Proposal for prefix API

Igor Canadi edited this page Nov 9, 2013 · 5 revisions

NOTE: This is just a proposal, not functional yet.

There are a lot of applications that don't care about total ordering of keys in the database. They only care about total ordering of keys with the same prefix. For example, if you keep actions by the user stored in a db, your keys could be something like "user_id:timestamp". Your query would look like "give me all actions of that user", i.e. "give me all the keys with prefix user_id:".

If you specify options.prefix_extractor when opening a DB, RocksDB will optimize data accesses for those kind of applications. Prefix extractor is a way of explaining to RocksDB the structure of your key. It's a function that receives a key and returns a prefix of the key. For more information, refer to rocksdb/options.h

If a option.prefix_extractor is specified, RocksDB will automatically use hashtable memtable representation that optimizes prefix lookups for data in memory (hash table instead of binary search). It will also build bloom filters on top of sst files and avoid I/Os if it's certain that supplied prefix can not be found in that specific sst table.
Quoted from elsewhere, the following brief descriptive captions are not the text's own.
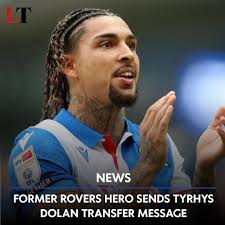 Rovers have completed their first signing of the summer ✍️  https://www.lancashiretelegraph.co.uk/sport/25229524.blackburn-rovers-sign-winger-dion-de-neve-kv-kortrijk/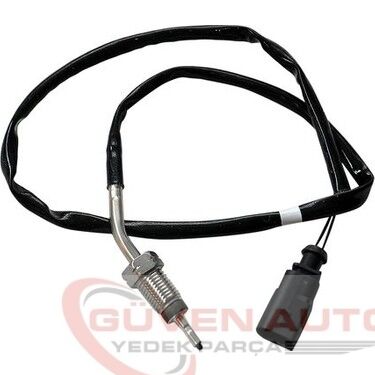 Egzoz Sıcaklık Sensörü 1.6TDİ-CAYB-CAYC    -03L906088BD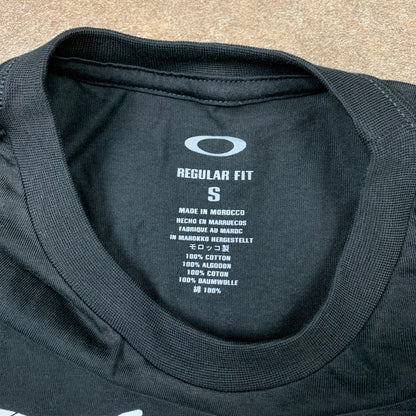 Oakley 00s deadstock graphic tee (S)
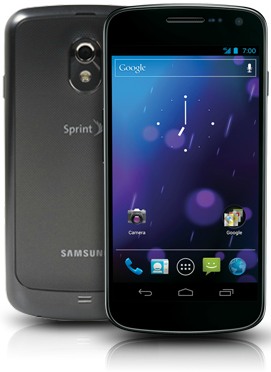 Samsung SPH-L700 Galaxy Nexus 4G LTE (Samsung Prime)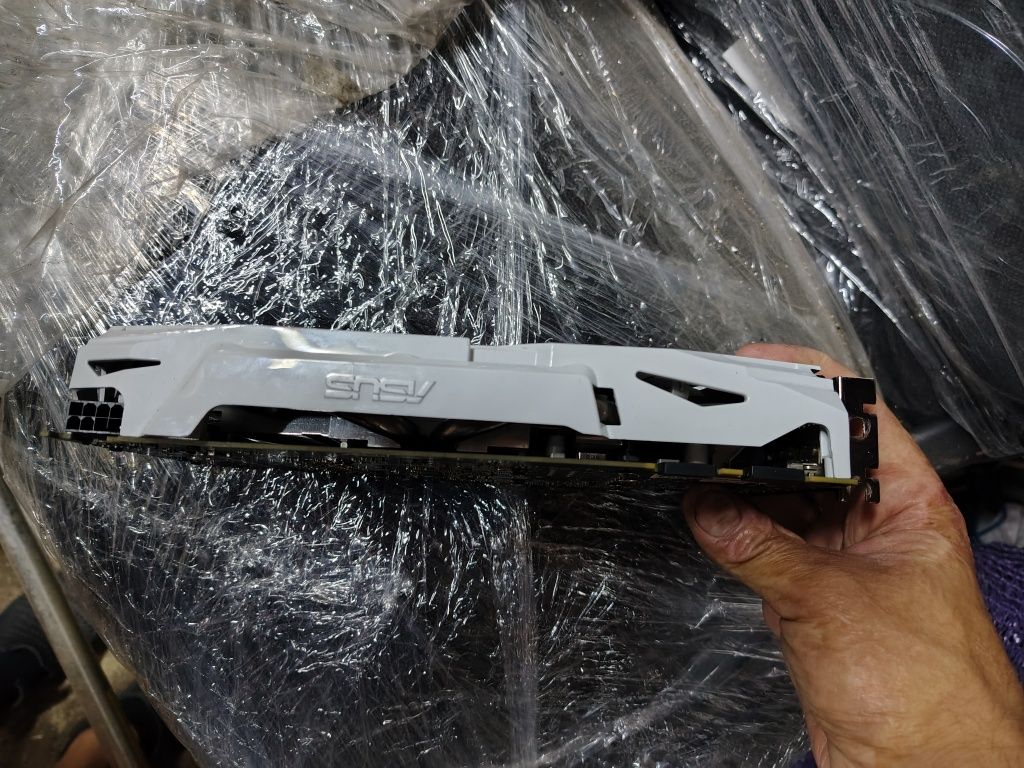 Asus Gtx 1070 8gb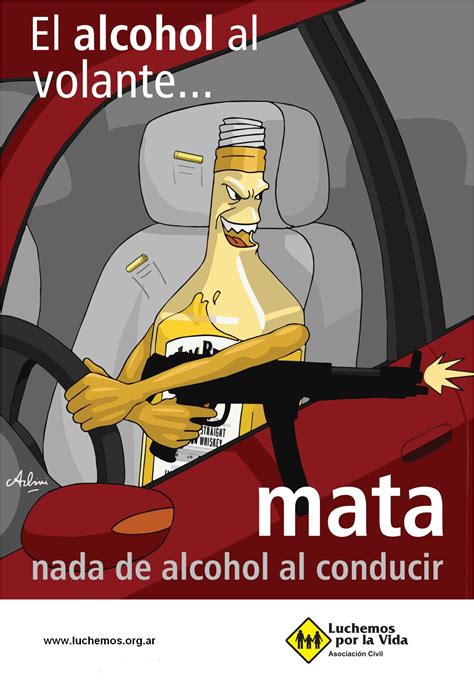 Conducir Muy Alcoholizado Tiene Que Ser Delito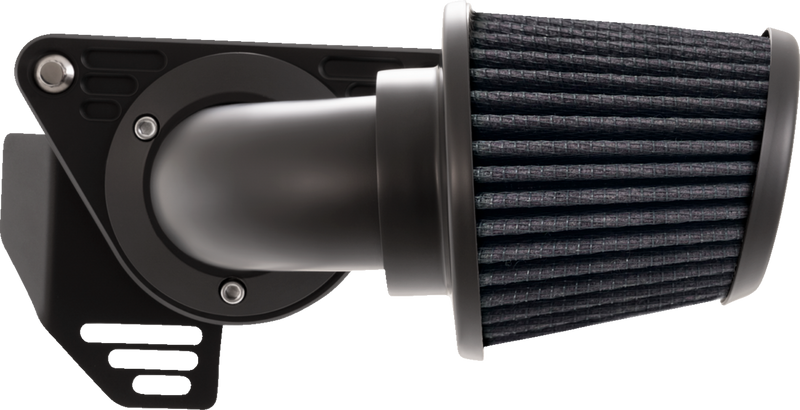 VANCE & HINES VO2 Falcon Air Intake - Black 41065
When you call DB::NewIterator() it will by default return an iterator that guarantees only partial ordering. Doing Seek(prefix) on returned iterator guarantees that you will iterate over all the keys in the DB with specified prefix. It might also return some more keys, but feel free to ignore those. Correct iteration would be:

auto iter = DB::NewIterator();
for (iter.Seek(prefix); iter.Valid() && iter.key().startswith(prefix); iter.Next())

You can reuse the iterator for seeking to other prefixes, which we strongly encourage since creating iterators is very costly. However, keep in mind that iterators reflect the state of the database when they were created. You will not see new updates when you Seek() to a new prefix.

SeekToFirst() or SeekToLast() calls on prefix iterators are not supported.